→ TASK PROMPT: Write out the data below exactly as given, without any of its pictures.

→ INFORMATION SHOWN:

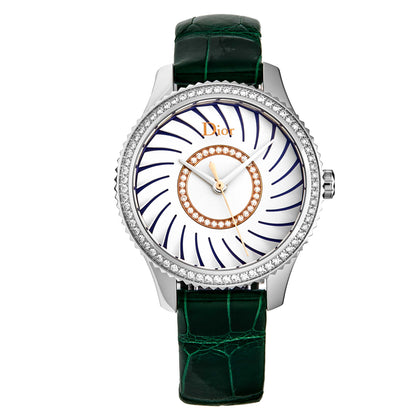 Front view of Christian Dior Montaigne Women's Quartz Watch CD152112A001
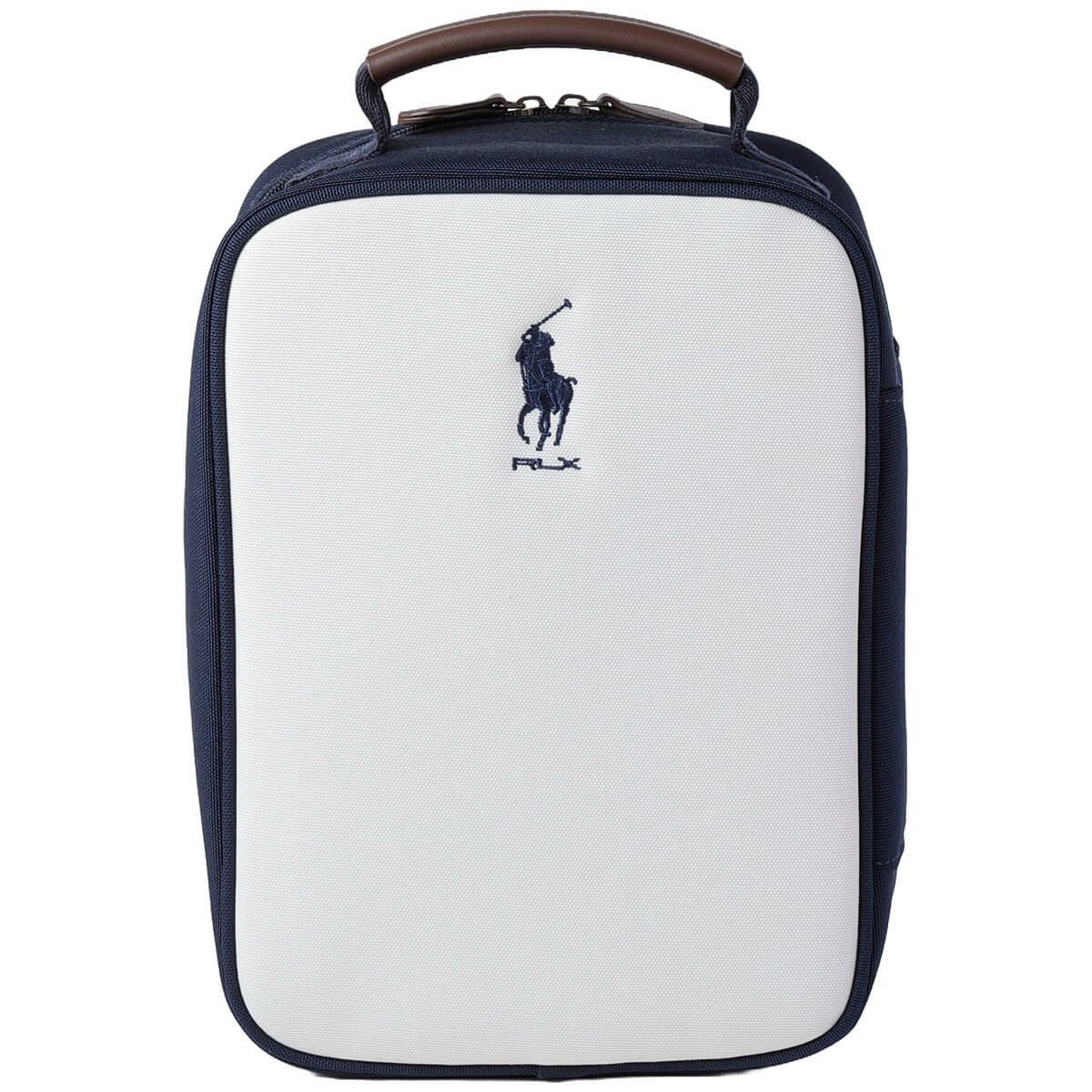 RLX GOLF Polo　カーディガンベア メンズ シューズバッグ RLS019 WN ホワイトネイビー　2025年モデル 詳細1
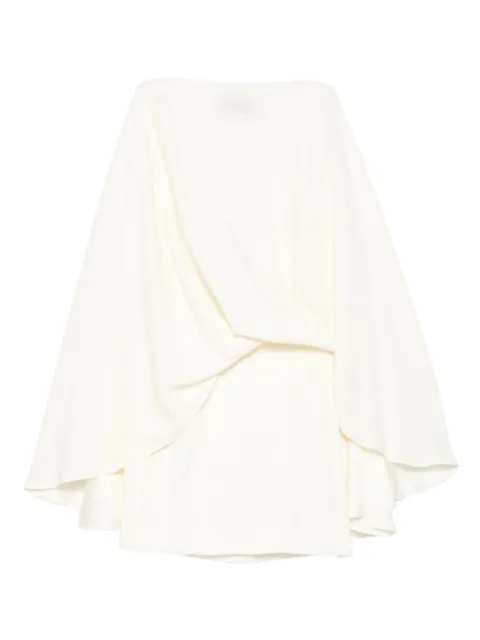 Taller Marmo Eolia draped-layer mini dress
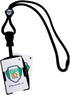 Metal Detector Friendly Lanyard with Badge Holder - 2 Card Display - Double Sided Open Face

→ ANSWER FOR THIS EXERCISE:
 Front view of Christian Dior Montaigne Women's Quartz Watch CD152112A001
 RLX GOLF Polo　カーディガンベア メンズ シューズバッグ RLS019 WN ホワイトネイビー　2025年モデル 詳細1
 Taller Marmo Eolia draped-layer mini dress
 Metal Detector Friendly Lanyard with Badge Holder - 2 Card Display - Double Sided Open Face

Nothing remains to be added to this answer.